Lafayette College, Easton, Pa.

When state controls were relaxed in the Soviet Union after Stalin's death, the emotions of pride and love for Lithuania again received expression in Lithuanian literature. At first these feelings were coupled with the ideals of the socialist state, but later, in the sixties, writers and poets found various ways and means to express unequivocally their national pride.

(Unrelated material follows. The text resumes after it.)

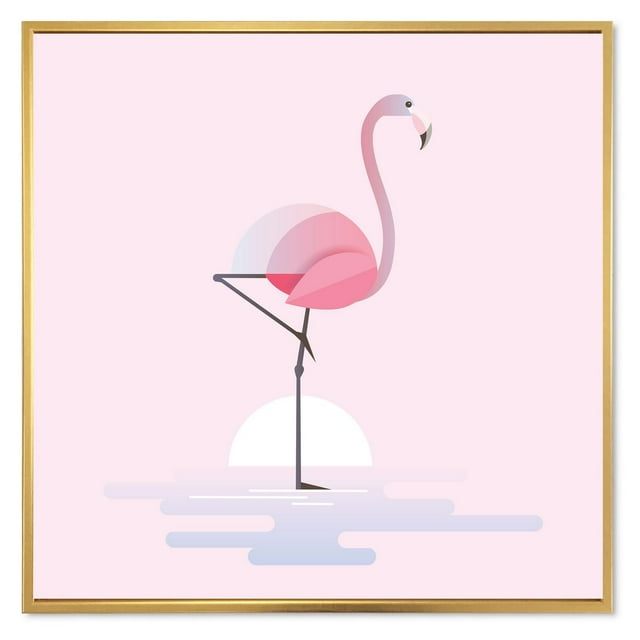 Designart Flamant rose debout ART MURAL À CADRE FLOTTÉ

A distinguishable manner by means of which the national identity was asserted was the poet's glorification of his native town, of his native village, of the landscape and of familiar nature settings in general. Another source of inspiration and admiration appears to be objects of the Lithuanian cultural heritage. A number of poets, such as Janina Degutytė (born 1928), Jonas Juškaitis (b. 1934), Judita Vaičiūnaitė (b. 1937), to name only few, wrote several cycles of poems interpreting and meditating on the paintings of Mikalojus K. Čiurlionis (1875-1911), who distinguishes himself by his symbolistic, mystic, and abstract style. Other poets devoted their efforts to the glorification of the lives and works of famous personalities in the history of Lithuania. For example, in several rather lengthily poems the historical veracity of a considerable number of events was recreated in such a manner that on the historical, anecdotal, or semi-legendary base a mythological aura was superimposed. That is to say, great Lithuanian historical individuals appeared as epic heroes with mythological powers rather than as mere mortals. For instance, the poet and playwright Justinas Marcinkevičius (b. 1930) in his poem Donelaitis (1964) created a myth about a realist Lithuanian poet - priest Kristijonas Donelaitis (1714-1780). Pastor Donelaitis was born and lived in East Prussia, where Lithuanians were threatened with the loss of their ethnic character due to the tremendous influx of German colonists. In his poems, The Seasons (Metai), depicting mainly the village life of Lithuanian serfs, Donelaitis calls for a preservation of Lithuanian traditions, language, and customs. Marcinkevičius, in his poem, attempted to depict, as he has stated in an interview, "physical annihilation of a part of the nation and its spiritual immortality." Actually, it is a tragic chant and a combative address to the Lithuanians about the perils of losing their national identity in the face of foreign rulers. The most characteristic feature of the poem Donelaitis is that it extols the poet-priest as one who manifests the vital forces of the nation, the one who became also an inseparable part of the Lithuanian nation:

Now every lump of earth —
Now every tree —
Now every sword —
Now every wooden plough —

And every footprint on our feet — 
His grave and his place of rest. 
He covers the whole planet with himself, 
Like a long peasant coat.

In a similar mythical transfiguration, Sigitas Geda (b. 1943) envisages the priest-poet Antanas Strazdas (1763 -1833) in the poem The Thrush (Strazdas, 1967). Poet-priest Strazdas, halfman, halfbird extends his wings "from sky to earth" over the poverty and misery of Lithuanian serf villages: "Lithuania — She is encompassed in his huge shadow."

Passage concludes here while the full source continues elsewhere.